This article describes how to replace the standard median shown in the Statistics > Below with a median computed on the basis of the ranges in your data.
Technical details
- Median values are calculated in the standard way, based on the values in the raw data. It is sometimes desirable to calculate the median differently for questions whose categories contain ranges of values. Common examples include questions describing income brackets or age ranges. In these cases it is possible to use the values in the ranges to calculate a grouped median. One such calculation is described here. The calculation is designed to work out the relative position within the bracket where the median lies, based on the proportion of the sample in that bracket. This is a different estimate of the median than that provided by assigning mid-point values to each category, which would simply provide the mid-point value for the category in which the median of the data lies (see How to Recode a Variable Using Category Midpoints).
- Create a table with the desired categories shown in the rows. It is best not to include any additional NETs in the table - the rows should describe only those categories which represent unique brackets from which you want to compute medians.
- The table must be a summary table or crosstab and not include a grid question.
- The table should show the STATISTICS > Below > Median.
- Note that it is only appropriate to use this calculation when the rows of the table describe mutually-exclusive categories. The values entered, and the resulting calculation, are not used in any statistical testing.
Method
- Create a Custom Rule on the table of your choice.
- Paste in the following code:
form.setSummary("Grouped medians");
includeWeb("Table JavaScript Utility Functions");
var below_table_exists = belowTableExists();
if (!below_table_exists)
form.ruleNotApplicable("Statistics - Below are not available on this table");
if (below_table.availableStatistics.indexOf("Median") == -1)

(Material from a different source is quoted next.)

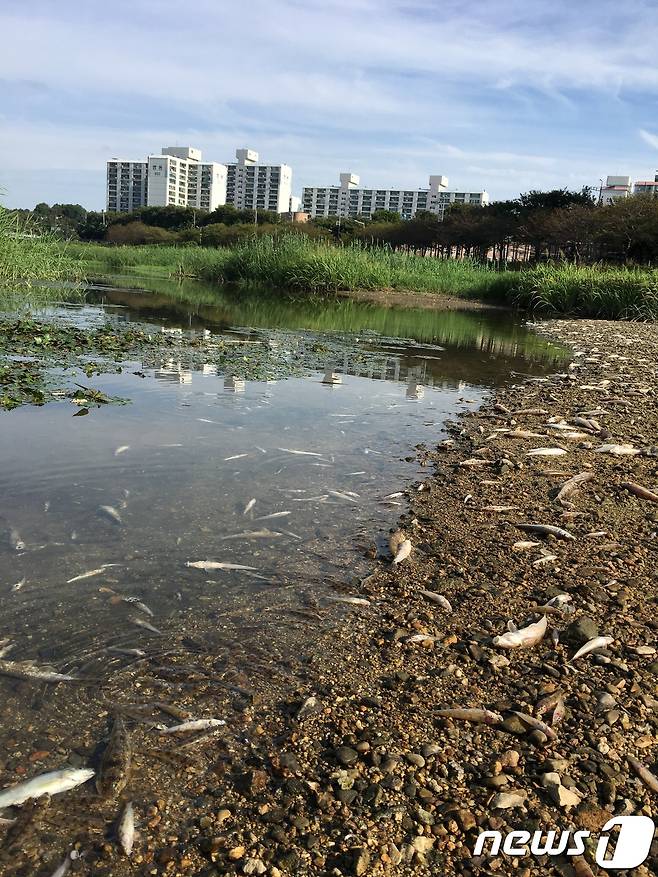 전북 전주의 하천에서 발생한 물고기 떼죽음. 뉴스1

form.ruleNotApplicable("the Median is not available on this table");
if (table.availableStatistics.indexOf("%") == -1 && table.availableStatistics.indexOf("Column %") == -1)
form.ruleNotApplicable("there is no appropriate percentage to use");
var stat_to_use = (table.availableStatistics.indexOf("Column %") != -1) ? "Column %" : "%";
var values = table.get(stat_to_use);
var medians = below_table.get("Median");
var row_labels = table.rowLabels
var controls = [];
var upper_vals = [];
var lower_vals = [];
var net_rows = table.netRows;
var rows_to_include = [];
var r = 0;
for (var row = 0; row < table.numberRows; row++) {
if (net_rows.indexOf(row) == -1) {
var new_row_label = form.newLabel(row_labels[row] + ":");
var new_lower_label = form.newLabel("Lower value");
var new_lower = form.newNumberBox("nl"+r);
var new_upper_label = form.newLabel("Upper value");
var new_upper = form.newNumberBox("nr"+r);
new_upper.lineBreakAfter = true;
controls.push(new_row_label, new_lower_label, new_lower, new_upper_label, new_upper);
form.setInputControls(controls);
upper_vals.push(new_upper.getValue());
lower_vals.push(new_lower.getValue());
rows_to_include.push(row);
r++
}
}
for (var col = 0; col < table.numberColumns; col++) {
var cur_median = NaN;
var cumulative = [];
for (var r = 0; r < rows_to_include.length; r++) {
var row = rows_to_include[r];
var new_cumulative = (r == 0) ? values[row][col] : cumulative[r-1] + values[row][col];
cumulative.push(new_cumulative);
if (new_cumulative > 50) {
var diff = 50 - (r > 0 ? cumulative[r-1] : 0);
var range = upper_vals[r] - lower_vals[r];
var percentage = values[row][col];
cur_median = lower_vals[r] + (diff / percentage) * range;
medians[0][col] = cur_median;
break;
}
}
}
//log(medians);
below_table.set("Median", medians) - Click OK.
- Enter the Lower value and Upper value for each category and click OK.
- Ensure this rule is placed in the first position on the Rules tab to avoid any conflict with other rules. You can re-position the rule by selecting it and dragging up.